- Born: 1951/1952 Balangoda, Sabaragamuwa Province
- Died: 20 October 2023
- Occupations: dancer, dance teacher
- Organization: Chamara Kala Nikethanaya
- Known for: professional dancing
- Awards: Kalasuri (2005)

= Rajini Selvanayagam =

Sri Lankan traditional dancer

Kalasuri Rajini Selvanayagam (1951/1952 - 20 October 2023) was a veteran Sri Lankan traditional dancer. She was popularly dubbed as the Queen of Dance.

== Biography ==
She was born and raised in Balangoda.

== Career ==
She founded her own dance academy "Chamara Kala Nikethanaya" in 1975. She ran the Chamara Kala Nikethanaya which was solely intended at building a value-based society enhancing culture, traditions, customs through the art of dancing.

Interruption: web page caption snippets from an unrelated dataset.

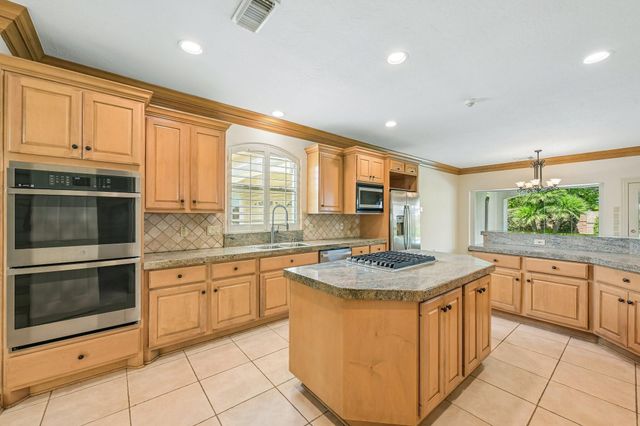 1611 Copperas Cove, Houston, TX 77077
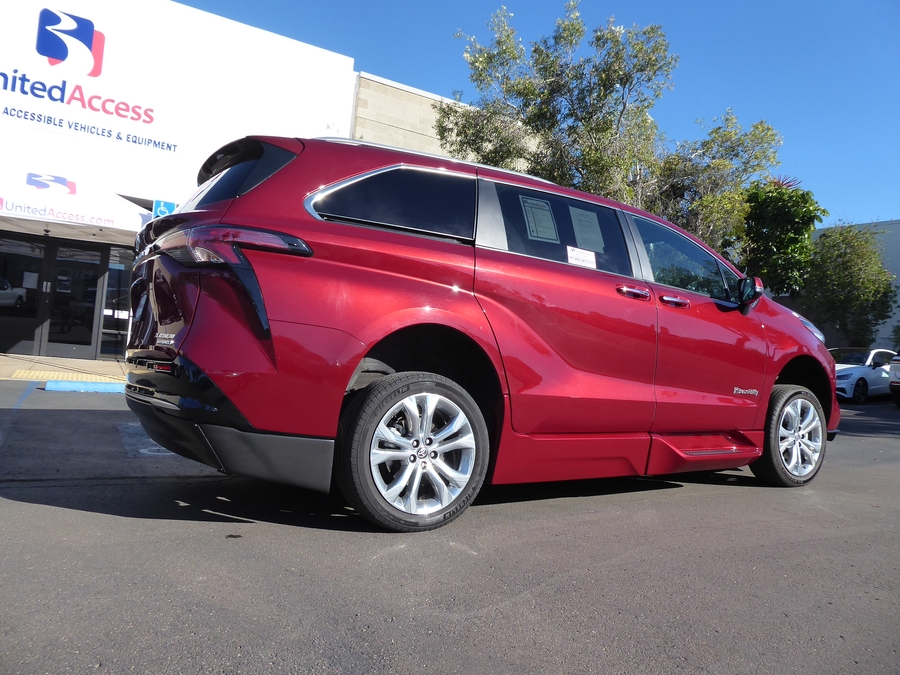 PRE OWNED 2024 Toyota Sienna Platinum
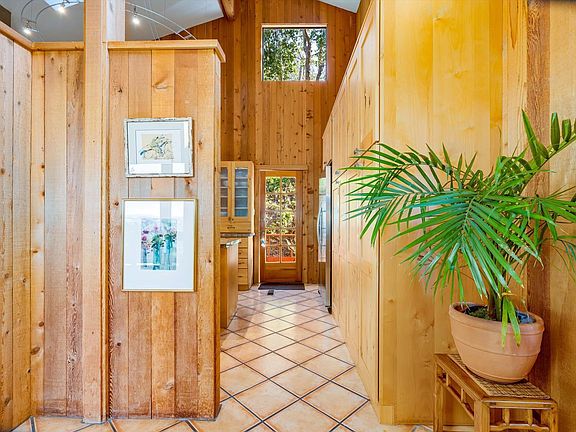 4th image of 572 Montecito Boulevard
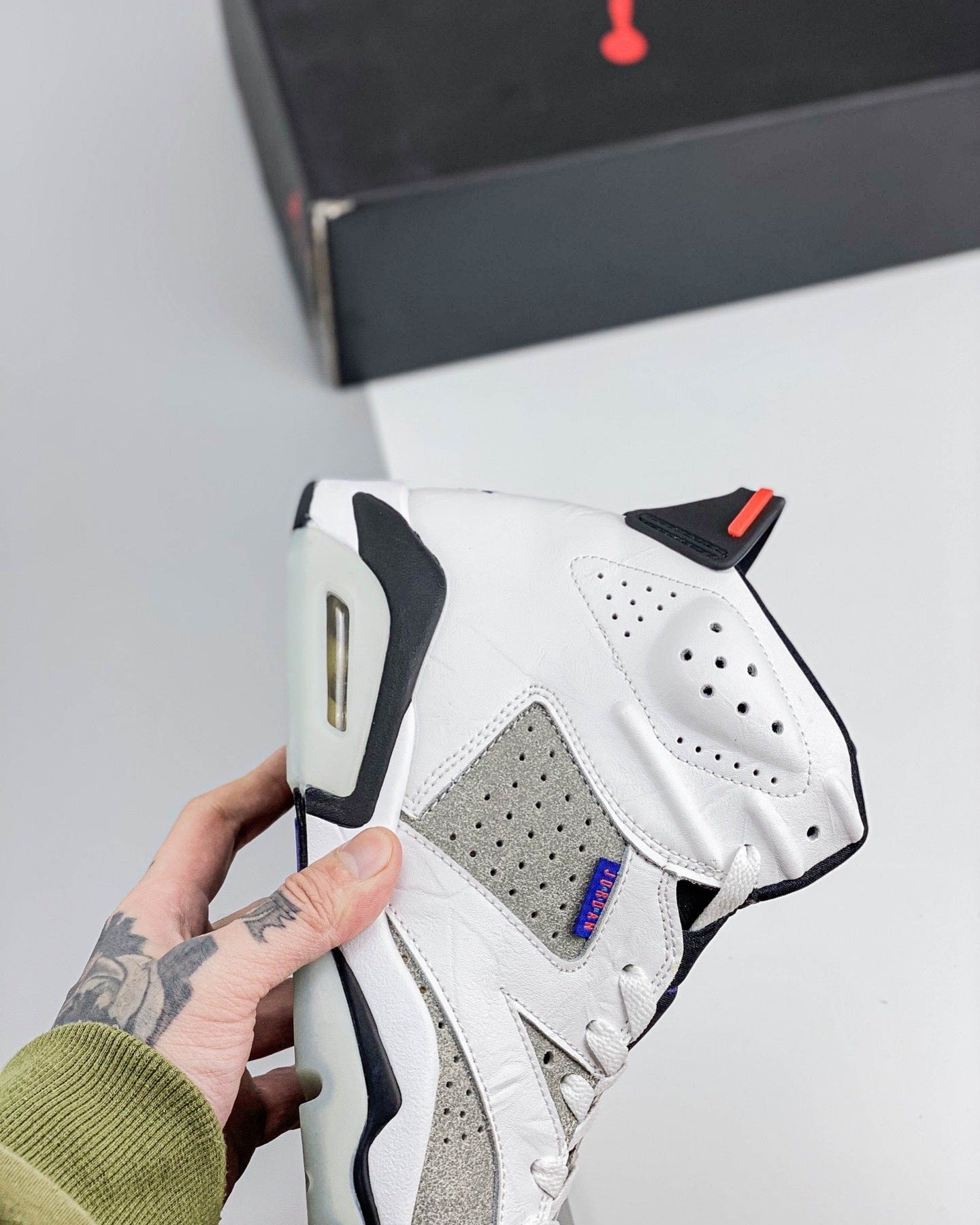 AJ6 Retro Flint Grey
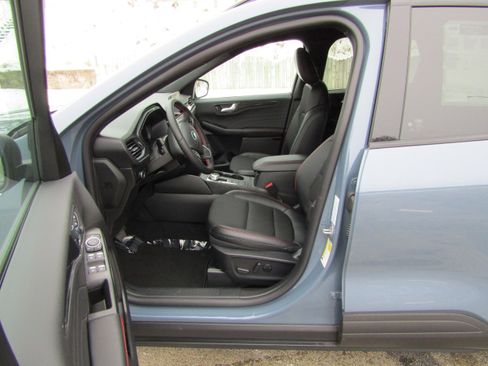 New 2025 Ford Escape ST-Line w/ Cold Weather Package image 13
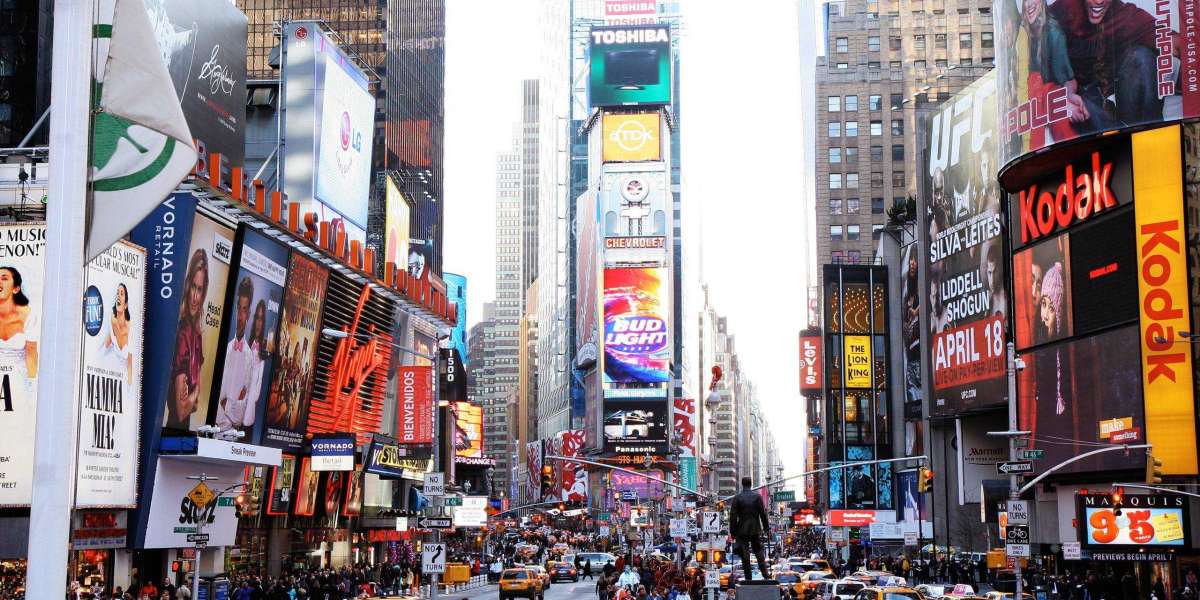 Todos somos um algoritmo. Os anúncios da Internet também te seguem na vida real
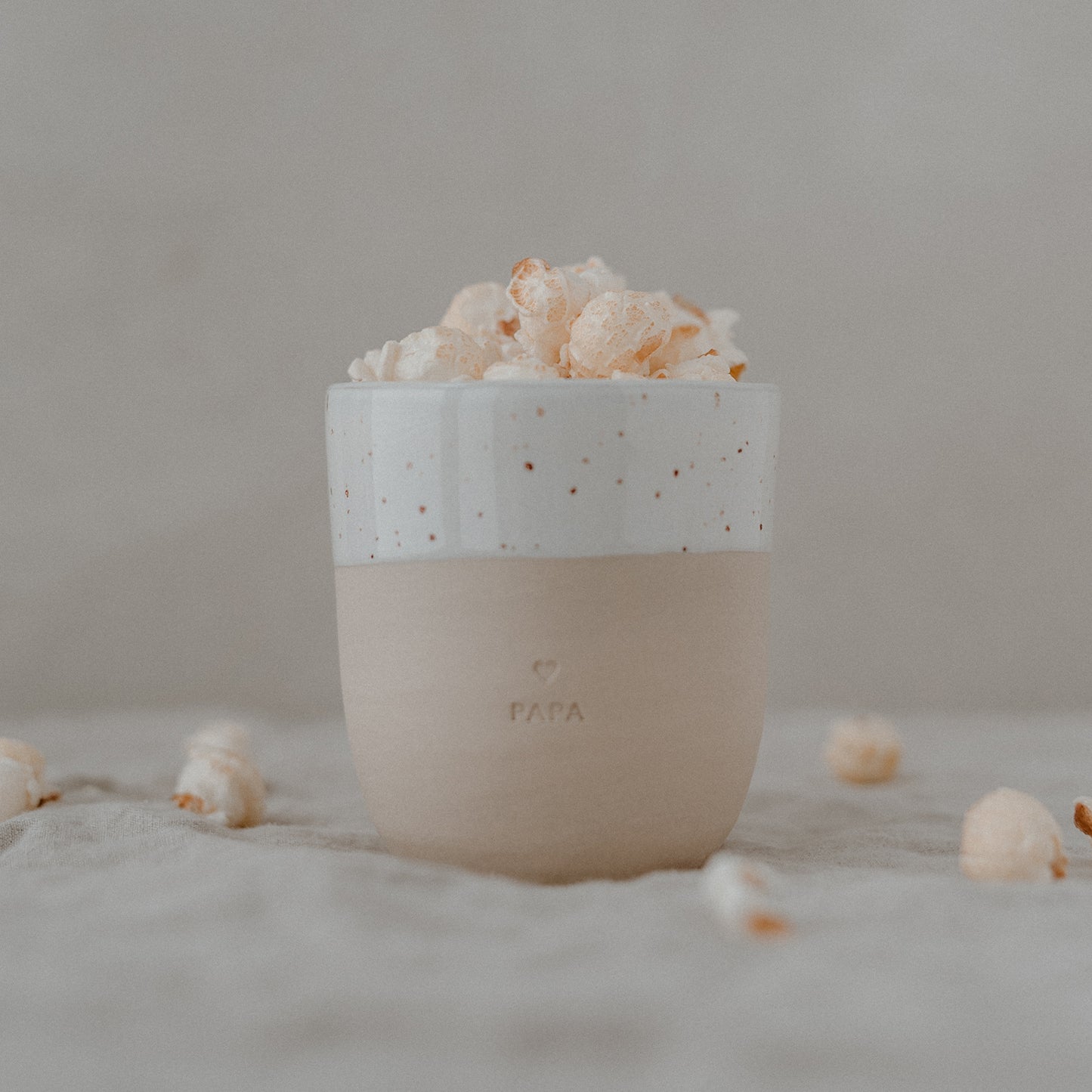 Steingut-Becher 'PAPA'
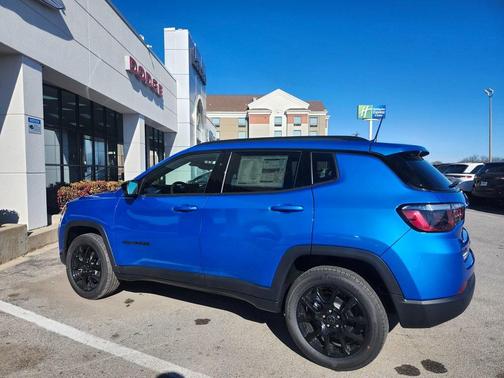2026 Jeep Compass Latitude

She was well known as a professional teacher of dancing during her illustrious career and she gave so much emphasis on the propagation and sustenance of unique forms of Sri Lankan dance art. She was conferred with prestigious Kalasuri during the 2005 Sri Lankan national honours. She was also conferred with Kala Keerthi and Vishwa Kala Keerthi titles during her career.

== Death ==
She died on 20 October 2023 at the age of 71.